I have always been different in many ways, and I knew it.
As a child, my parents were told that although I was not full-blown autistic, I did have autistic tendencies. This diagnosis was made in the mid-1970s. It should also be said, at that time there wasn’t quite as good an understanding about the various Autism Spectrum Disorders (ASDs) as there is now, and it was in the early-mid 1990s, that Asperger’s Syndrome become recognised by the World Health Organisation.
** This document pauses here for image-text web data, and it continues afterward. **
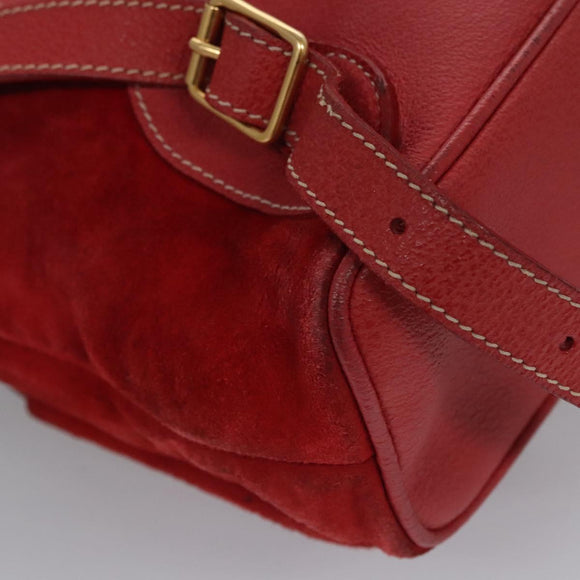 GUCCI Bamboo Rucksack Wildleder Rot Gold 003 2058 0016 Auth nb202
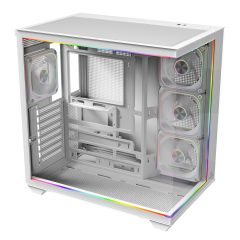 GameBooster NYVRA SYNC CORE 4*ARGB PWM ARGB Şerit SeaView Beyaz Gaming Kasa (PSU YOK)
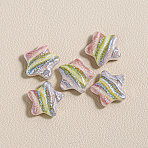 15Pcs Printed Resin Beads, Star, with Glitter Powder, Colorful, 15x16x6mm, Hole: 1.8mm(RESI-CJC0006-036I)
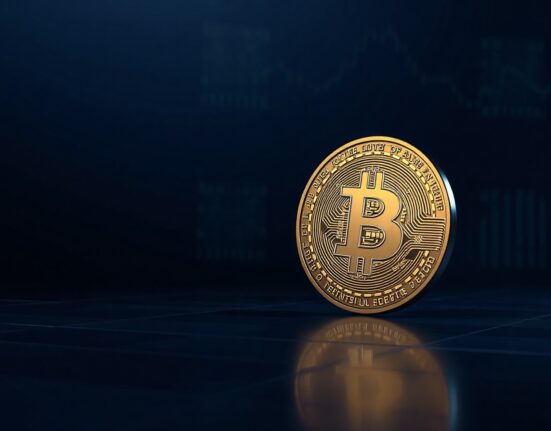 Bitcoin coin on dark background with subtle chart grid lines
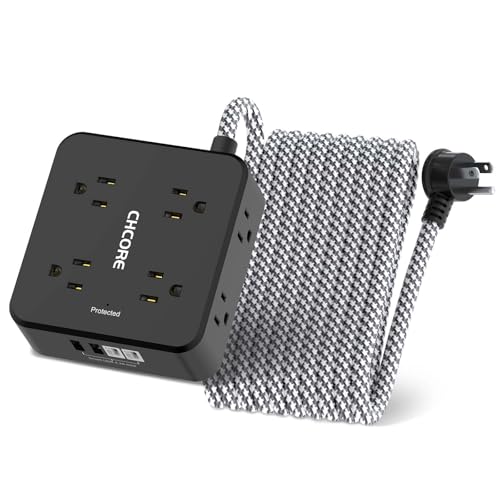 Surge Protector Power Strip - CHCORE 20Ft Braided Extension Cord with 8 Outlets with 4 USB (2 USB C) Charging Ports, Flat Plu
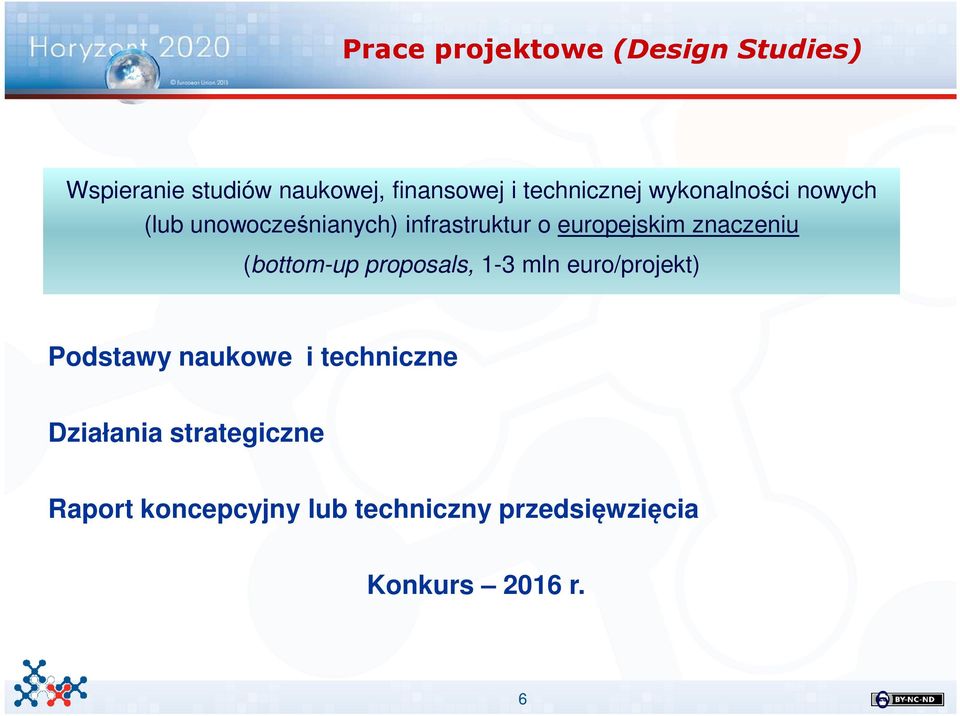 znaczeniu (bottom-up proposals, 1-3 mln euro/projekt) Podstawy naukowe i techniczne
In 2001, a former teacher of mine (who is now retired) from a special school where I spent a few years of my childhood, visited my parents and said to them that I may have Asperger’s Syndrome. Having read some articles on AS, from the Internet, it became evident that many of the characteristics that were mentioned, related to me.
I have also come across some accounts of other people affected by AS, much of whose characteristics they described, and with which I would identify to a certain extent.
In a nutshell, how AS affects me is mainly in oral communication skills, specifally, I seem to have more difficulty that those without AS in talking “off-the-cuff”, i.e., stitching words together to verbally express an idea in my head. When I am among a group of people without AS, having a chat, I seem to have the most difficulty in adding to the conversation on the current subject.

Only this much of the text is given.